Probing the Role of Acid Site Distribution on the Water Structure in Aluminosilicate Zeolites: Insights from Molecular Dynamics

Water plays a pivotal role in numerous chemical processes, especially in the production of fuels and fine chemicals derived from biobased feedstocks. Zeolites are porous catalysts used extensively due to their shape-selective adsorption and confinement interactions; however, the kinetics of zeolite-catalyzed reactions are significantly impacted by the presence of water, which may affect product selectivity and intrinsic rate constants depending on transition-state polarity. In this study, we employed machine learning force fields (MLFFs) to accelerate ab initio molecular dynamics (AIMD) simulations and enhance the phase space exploration of water configurations in a mode Brønsted acid zeolite, H-AFI. We interrogated the structure of adsorbed water based on the Si/Al ratio and acid site distribution to disentangle the impact of acid site density and distribution on water matrix organization as a function of water loading. We integrated adsorption thermodynamics, vibrational spectroscopy simulations, and local density maps to interrogate the spatial orientation of adsorbed water clusters and their degree of hydrogen bonding. Our analysis unveiled the intricate interplay between the zeolite structure, Brønsted acid site location, and water, where spatially disparate acid sites nucleate extended clusters that span siliceous regions of the zeolite. We found that the length scale of ordered water regions is directly related to the Si/Al ratio and spatial distribution of Al sites. These findings provide insights into the molecular-level structure of water in aluminosilicate micropores and demonstrate how acid sites can be used to control water activity, which has applications to heterogeneous catalysis and adsorptive separations.

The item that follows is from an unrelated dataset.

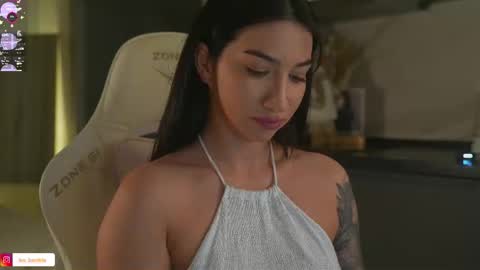 Leora online show from 11-28-25, 05:26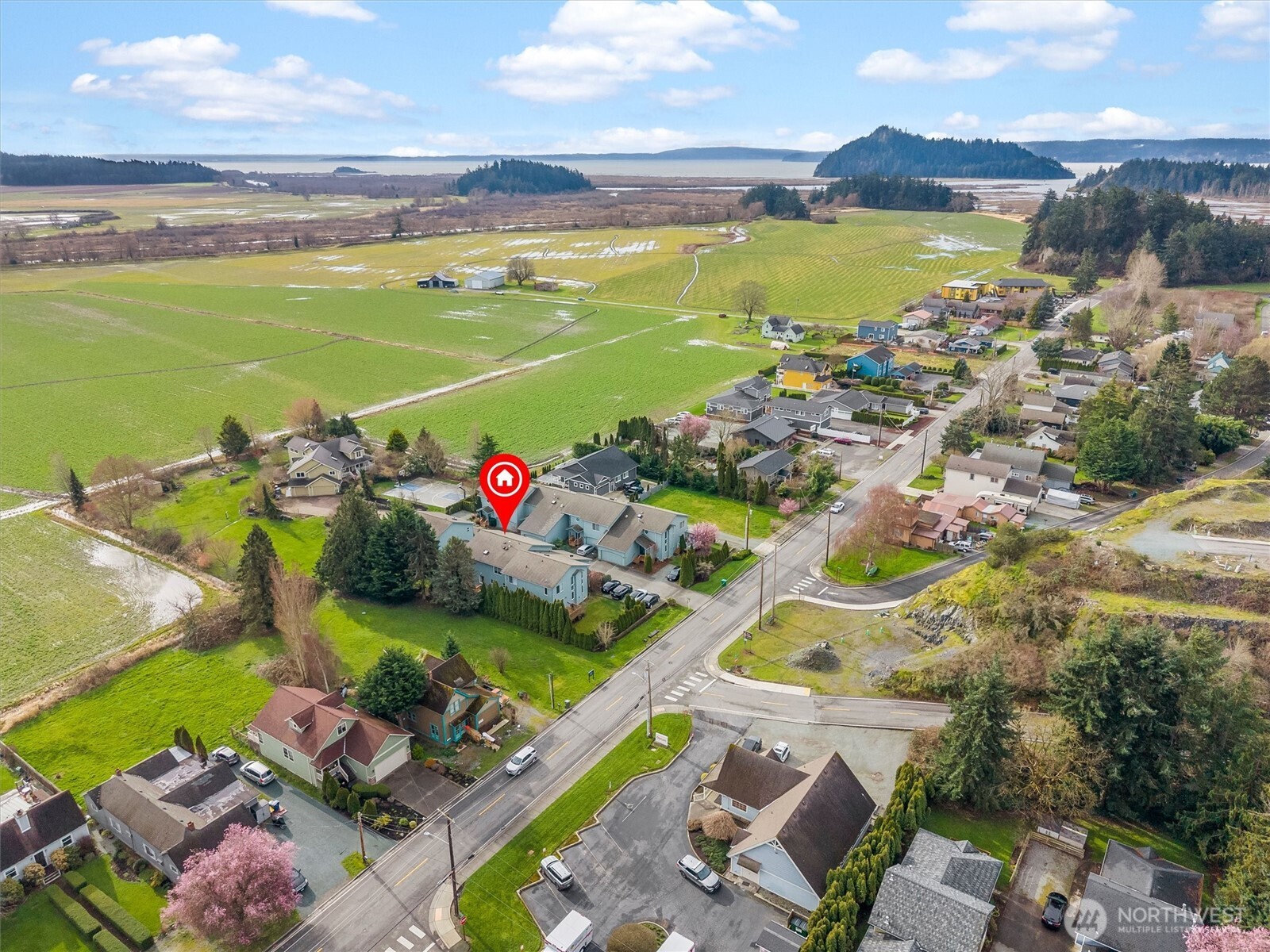 705 Finley Lane #N2, La Conner, WA 98257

水在诸多化学过程中发挥关键作用，尤其在由生物质基原料制取燃料与精细化学品的生产环节中。沸石（zeolites）是一类多孔催化剂，凭借其择形吸附与限域相互作用而被广泛应用；然而，沸石催化反应的动力学过程会显著受水的存在影响，而水可依据过渡态极性（transition-state polarity）改变产物选择性与本征速率常数。在本研究中，我们采用机器学习力场（machine learning force fields，MLFF）以加速从头算分子动力学（ab initio molecular dynamics，AIMD）模拟，并提升了H-AFI型布伦斯特酸（Brønsted acid）沸石中水构型的相空间探索能力。我们基于硅铝比与酸位点分布，解析了吸附态水的结构，以此阐明酸位点密度与分布随水负载量变化对水团簇排布的影响。我们整合了吸附热力学、振动光谱模拟与局部密度图，对吸附态水团簇的空间取向及其氢键作用程度进行了研究。我们的分析揭示了沸石结构、布伦斯特酸位点位置与水之间复杂的相互作用：空间上分散的酸位点会形成跨越沸石硅质区域的扩展型水团簇。我们发现有序水区的尺寸与硅铝比以及铝位点的空间分布直接相关。这些发现为铝硅酸盐微孔中水的分子级结构提供了深入见解，并阐明了可通过酸位点调控水活度的方法，这一成果可应用于多相催化与吸附分离领域。